雨に・・・

血で染め抜いたように艶やかな赤。左腕に、その真っ赤な革の持ち手をくぐらせて、ひざ上丈のブーツは、黒のバックスキン。節の目立つ線みたいな指が、カラダの細さを強調するように、つり革に絡んでいる。黒と白の間に金色が走った、三色の縞が縦に流れるシャツは、膝上まで垂れていて、その上に肩から、ざっくりした編み目のポンチョを羽織っている。座ったまま、ちらと上目づかいで覗いてみると、顔の骨格がそう見せるのか、はっきりした目鼻立ちと唇の感じが、どこか上戸彩に似ている・・・。

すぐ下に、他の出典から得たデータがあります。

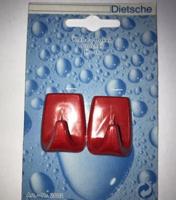 Universele handdoekhaken zelfklevend (setje van 2) rood - thumbnail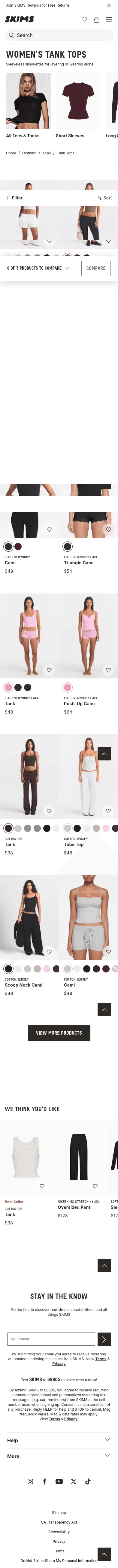 skims.com/collections/tank-tops on mobile, full screenshot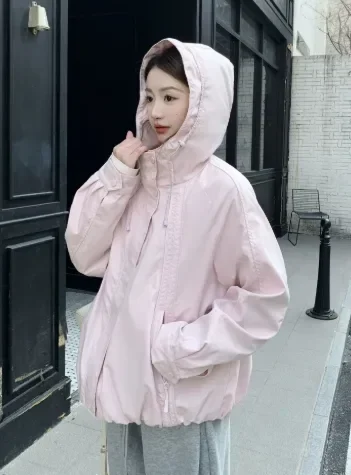 CHICMORE Jaket wanita lengan panjang model zipper lengan panjang model hoded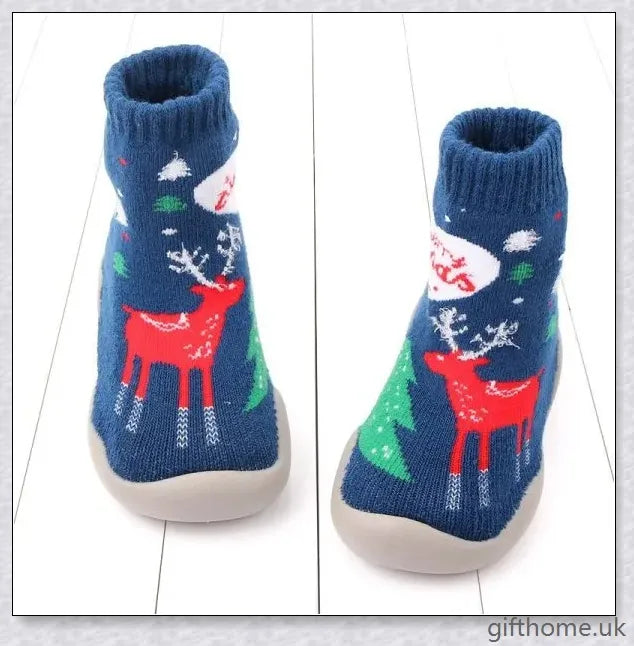 Soft-soled thickened anti-drop Christmas-themed shoes for babies and toddlers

肩を越えて伸びた髪は、ポンチョをもっと濃くした栗色に染まり、大きめなカールが湿気を帯びて、毛先は胸元を向いている。すぐ前に立たれるのが困るほど、混雑した大宮行きの、この車両の中では、文句なしの“べっぴん”だ。ただ、そのあとがいけない・・・泳ぐ視線の先、彼女の左手は、ありふれた透明のビニール傘に添えられていた。真っ赤なバッグにも負けない、できるなら原色のあでやかな傘を携えていてほしかった。雨に咲く彩りそのままに・・・。